If you have gotten a Java 8 environment, it will output the following version information when running the following command:

$ java -version
java version "1.8.0_65"
Java(TM) SE Runtime Environment (build 1.8.0_65-b17)
Java HotSpot(TM) 64-Bit Server VM (build 25.65-b01, mixed mode)

If you have gotten a maven environment, it will output the following version information when running the following command:

$ mvn -version
Apache Maven 3.5.4 (1edded0938998edf8bf061f1ceb3cfdeccf443fe; 2018-06-18T02:33:14+08:00)
Maven home: /Users/wuchong/dev/maven
Java version: 1.8.0_65, vendor: Oracle Corporation, runtime: /Library/Java/JavaVirtualMachines/jdk1.8.0_65.jdk/Contents/Home/jre
Default locale: zh_CN, platform encoding: UTF-8
OS name: "mac os x", version: "10.13.6", arch: "x86_64", family: "mac"
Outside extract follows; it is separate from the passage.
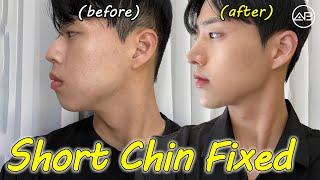  Fixing a Short Chin Changed My Side Profile | AB Plastic Surgery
In addition, we recommend using ItelliJ IDEA (Community Free Edition is sufficient) as the development IDE for Flink applications. Eclipse is fine, but there are some known issues if using Eclipse for the Scala and Java hybrid projects, so Eclipse is not recommended. In the next chapter, we will show you how to create a Flink project and import it into ItelliJ IDEA.

Create a Maven Project

We'll use Flink Maven Archetype to create our project structure and some initial default dependencies. Run the following command to create the project in your working directory:

mvn archetype:generate \
    -DarchetypeGroupId=org.apache.flink \
    -DarchetypeArtifactId=flink-quickstart-java \
    -DarchetypeVersion=1.6.1 \
    -DgroupId=my-flink-project \
    -DartifactId=my-flink-project \
    -Dversion=0.1 \
    -Dpackage=myflink \
    -DinteractiveMode=false

You can edit the groupId, artifactId, package above to your preferred path. Maven will use the above parameters to create the project structure automatically for you, which is as shown below:

$ tree my-flink-project
my-flink-project
├── pom.xml
└── src
    └── main
        ├── java
        │   └── myflink
        │       ├── BatchJob.java
        │       └── StreamingJob.java
        └── resources
            └── log4j.properties

Our pom.xml file already contains the required Flink dependencies, and there are several sample program frameworks under src/main/java. Next we'll start writing the first Flink program.

Write a Flink Program

Startup IntelliJ IDEA, select Import Project, and select pom.xml under the root of my-flink-project. Then complete the project import according to the guidance.

Create a SocketWindowWordCount.java file under src/main/java/myflink:

package myflink;
public class SocketWindowWordCount {
  public static void main(String[] args) throws Exception {
  }
}

Though the program is still very basic now, we will fill in the code step by step. Note that we won't write the import statements below because the IDE will add them automatically. At the end of the section, I will show you the complete code. You can paste the last complete code into the editor directly if you want to skip the following steps.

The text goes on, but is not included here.